Fortunately, Goldsmith was eventually approved for a disability claim and immediately diagnosed with post-traumatic stress disorder. “That access to VA care is the only reason I’m alive to testify before you today,” Goldsmith told lawmakers in a Congressional testimony on bad-paper discharges. He’s become the face of bad-paper discharges and has been a leading advocate for years.

12 years after his original discharge, Goldsmith’s discharge was upgraded to fully honorable. He did not know about it for a half a year because it was sent to his childhood home. Goldsmith is committed to making sure more veterans don’t have to go through what he went through.

“Through all of this frustration I’ve spent this time learning that I’m not alone, and that there are major systemic flaws that allow patriots like me to serve and sacrifice for this country, only to be discarded like trash,” he said. “Since I learned about this country’s abandonment of veterans with bad paper, it’s been my primary focus in life to see that things are made right.” 

David Shulkin, former VA Secretary under the Obama Administration, told congress that he planned to provide VA emergency treatment to veterans affected by bad-paper discharges.
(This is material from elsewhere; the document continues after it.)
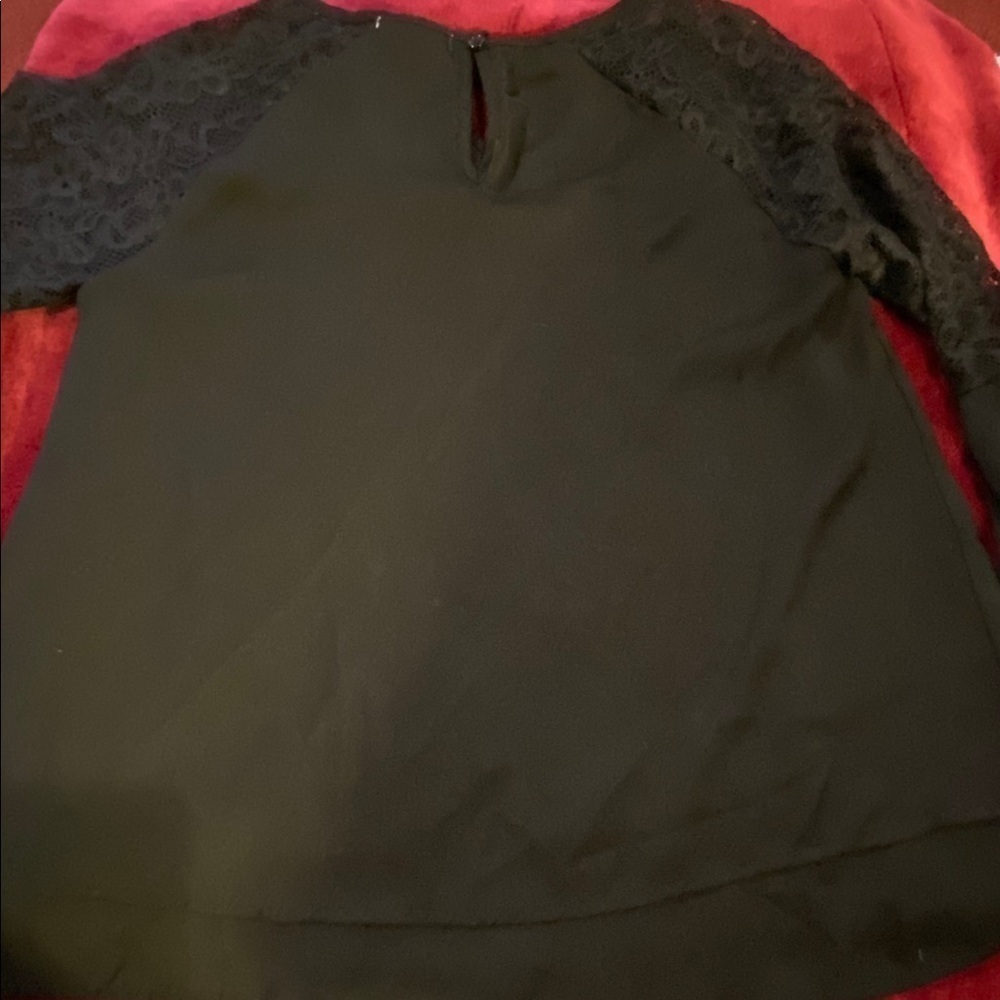 Black Boho blouse bell sleeves lace - Picture 3 of 3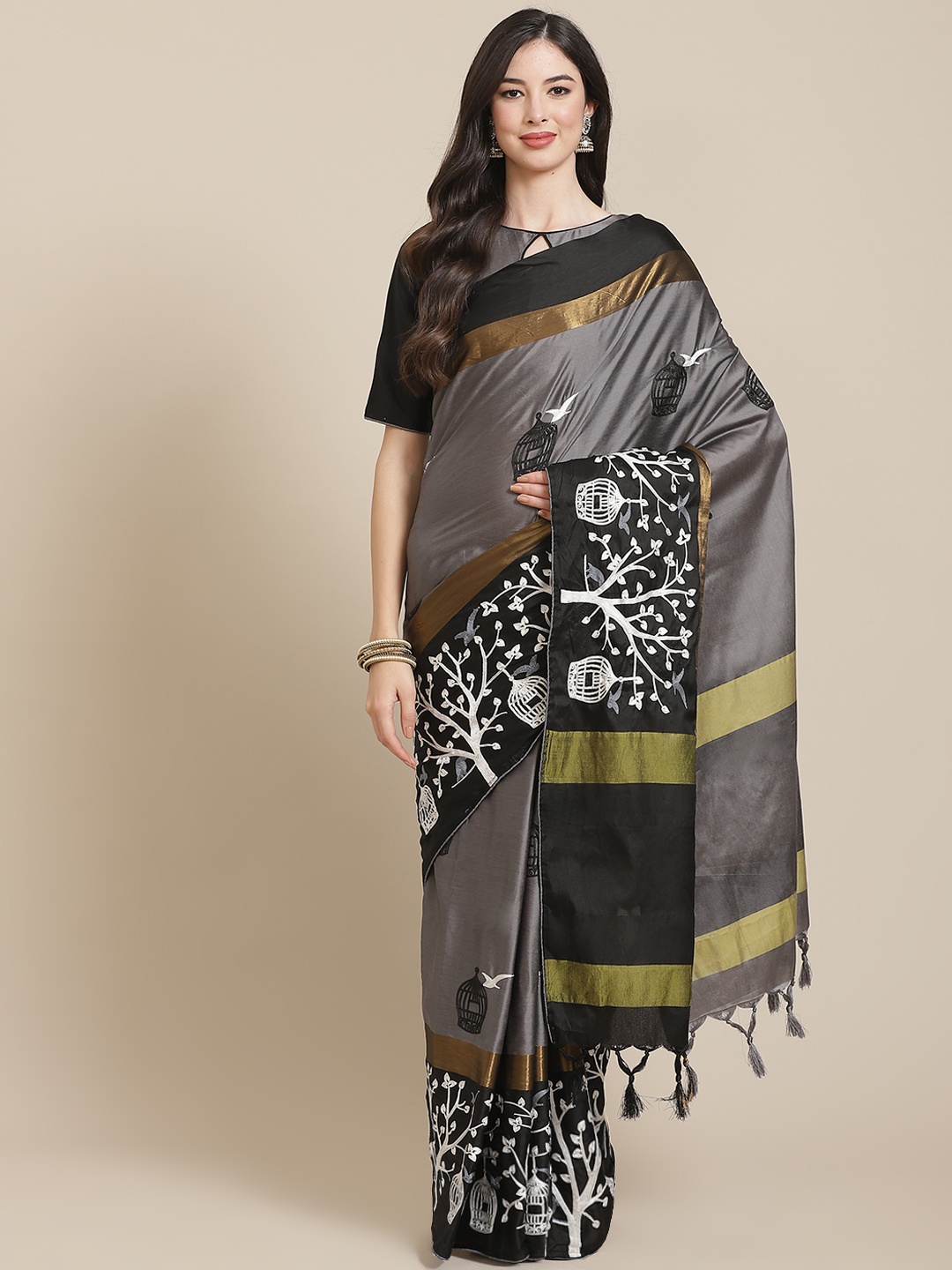 

SERONA FABRICS Grey & Black Embellished Embroidered Silk Cotton Ready to Wear Saree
His successor, Robert Wilkie, has not continued to pursue these plans.

Last week, Goldsmith recommended the creation a new procedure for filing for benefits for veterans with a less-than-honorable-discharge. This way, veterans don’t have to be discouraged from filing as so many are. There will be a specific procedure for them.

Goldsmith and veterans advocate groups will continue to wait in frustration for Congress to take action.